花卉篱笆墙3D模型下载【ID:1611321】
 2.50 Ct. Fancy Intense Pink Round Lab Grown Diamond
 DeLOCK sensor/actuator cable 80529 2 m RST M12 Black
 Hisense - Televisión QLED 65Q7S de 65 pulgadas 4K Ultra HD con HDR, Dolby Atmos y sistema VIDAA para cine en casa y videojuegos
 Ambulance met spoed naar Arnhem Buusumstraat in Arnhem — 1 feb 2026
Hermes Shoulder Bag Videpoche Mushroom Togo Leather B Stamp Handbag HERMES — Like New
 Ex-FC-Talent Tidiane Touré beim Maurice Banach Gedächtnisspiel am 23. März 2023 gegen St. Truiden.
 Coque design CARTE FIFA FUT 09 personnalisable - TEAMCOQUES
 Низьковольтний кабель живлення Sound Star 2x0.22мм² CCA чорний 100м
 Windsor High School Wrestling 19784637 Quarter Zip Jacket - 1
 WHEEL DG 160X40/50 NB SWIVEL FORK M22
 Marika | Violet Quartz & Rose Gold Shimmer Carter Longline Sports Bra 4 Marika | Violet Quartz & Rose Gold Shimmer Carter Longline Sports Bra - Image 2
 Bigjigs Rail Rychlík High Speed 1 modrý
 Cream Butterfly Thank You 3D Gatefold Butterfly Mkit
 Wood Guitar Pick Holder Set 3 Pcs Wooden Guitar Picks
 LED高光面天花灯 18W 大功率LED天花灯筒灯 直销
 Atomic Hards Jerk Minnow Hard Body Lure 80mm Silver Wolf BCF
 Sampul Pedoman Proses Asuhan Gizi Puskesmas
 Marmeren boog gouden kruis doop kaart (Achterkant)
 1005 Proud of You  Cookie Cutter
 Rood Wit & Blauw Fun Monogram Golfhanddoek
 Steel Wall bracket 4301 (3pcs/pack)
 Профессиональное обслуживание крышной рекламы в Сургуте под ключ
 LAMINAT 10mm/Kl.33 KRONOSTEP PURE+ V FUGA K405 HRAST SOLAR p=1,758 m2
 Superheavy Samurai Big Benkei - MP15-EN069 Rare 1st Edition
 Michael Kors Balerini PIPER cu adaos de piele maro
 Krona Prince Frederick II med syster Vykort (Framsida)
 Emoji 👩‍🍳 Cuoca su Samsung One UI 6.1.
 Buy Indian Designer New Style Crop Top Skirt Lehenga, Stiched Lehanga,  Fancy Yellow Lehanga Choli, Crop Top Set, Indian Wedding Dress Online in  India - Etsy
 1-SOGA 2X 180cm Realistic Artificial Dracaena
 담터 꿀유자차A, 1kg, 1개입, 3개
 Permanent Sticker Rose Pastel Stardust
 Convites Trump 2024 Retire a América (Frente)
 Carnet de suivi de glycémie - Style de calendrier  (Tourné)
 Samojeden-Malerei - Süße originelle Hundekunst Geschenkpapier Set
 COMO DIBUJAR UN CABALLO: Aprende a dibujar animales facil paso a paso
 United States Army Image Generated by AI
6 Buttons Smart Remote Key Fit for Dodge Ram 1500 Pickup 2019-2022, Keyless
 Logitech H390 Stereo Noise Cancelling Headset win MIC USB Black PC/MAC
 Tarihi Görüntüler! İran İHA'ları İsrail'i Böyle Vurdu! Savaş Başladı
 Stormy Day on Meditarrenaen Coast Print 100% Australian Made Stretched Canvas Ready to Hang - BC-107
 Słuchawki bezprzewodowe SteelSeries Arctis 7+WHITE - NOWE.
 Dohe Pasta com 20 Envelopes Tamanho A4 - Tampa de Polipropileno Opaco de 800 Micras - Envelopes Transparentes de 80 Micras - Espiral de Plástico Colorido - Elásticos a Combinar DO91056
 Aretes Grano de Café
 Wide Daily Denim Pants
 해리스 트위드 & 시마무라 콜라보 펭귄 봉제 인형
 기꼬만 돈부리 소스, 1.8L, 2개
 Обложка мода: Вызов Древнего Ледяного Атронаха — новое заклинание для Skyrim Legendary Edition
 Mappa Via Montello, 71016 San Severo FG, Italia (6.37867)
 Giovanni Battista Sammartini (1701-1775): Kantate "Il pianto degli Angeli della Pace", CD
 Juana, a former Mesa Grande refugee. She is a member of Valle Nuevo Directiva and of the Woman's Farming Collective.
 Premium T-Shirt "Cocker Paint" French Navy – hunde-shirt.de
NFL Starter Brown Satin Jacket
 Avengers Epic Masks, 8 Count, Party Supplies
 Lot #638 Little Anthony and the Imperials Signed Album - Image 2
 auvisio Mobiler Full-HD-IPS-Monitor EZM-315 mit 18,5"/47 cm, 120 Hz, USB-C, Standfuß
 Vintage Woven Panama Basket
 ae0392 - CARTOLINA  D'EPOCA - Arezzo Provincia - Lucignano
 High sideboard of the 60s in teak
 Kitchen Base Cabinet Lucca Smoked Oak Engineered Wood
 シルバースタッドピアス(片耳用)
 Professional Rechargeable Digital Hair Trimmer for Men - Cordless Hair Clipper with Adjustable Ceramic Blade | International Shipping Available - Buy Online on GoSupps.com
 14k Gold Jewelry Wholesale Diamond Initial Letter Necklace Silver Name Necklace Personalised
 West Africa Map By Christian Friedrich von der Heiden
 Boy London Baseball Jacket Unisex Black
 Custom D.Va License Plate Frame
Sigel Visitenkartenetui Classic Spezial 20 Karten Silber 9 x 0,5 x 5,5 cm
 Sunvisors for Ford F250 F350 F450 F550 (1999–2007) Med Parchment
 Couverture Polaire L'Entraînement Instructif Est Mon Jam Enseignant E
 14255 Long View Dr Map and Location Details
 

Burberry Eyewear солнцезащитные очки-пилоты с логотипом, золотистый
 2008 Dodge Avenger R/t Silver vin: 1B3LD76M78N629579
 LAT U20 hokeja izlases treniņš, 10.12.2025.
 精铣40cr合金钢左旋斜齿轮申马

::::::::

> [Directions] For this exercise, please output exactly the lines above starting at the line with "Avengers Epic Masks, 8 Count, Party Supplies" and ending at the line with "ae0392 - CARTOLINA", ends included.

> [Result for this exercise]
 Avengers Epic Masks, 8 Count, Party Supplies
 Lot #638 Little Anthony and the Imperials Signed Album - Image 2
 auvisio Mobiler Full-HD-IPS-Monitor EZM-315 mit 18,5"/47 cm, 120 Hz, USB-C, Standfuß
 Vintage Woven Panama Basket
 ae0392 - CARTOLINA  D'EPOCA - Arezzo Provincia - Lucignano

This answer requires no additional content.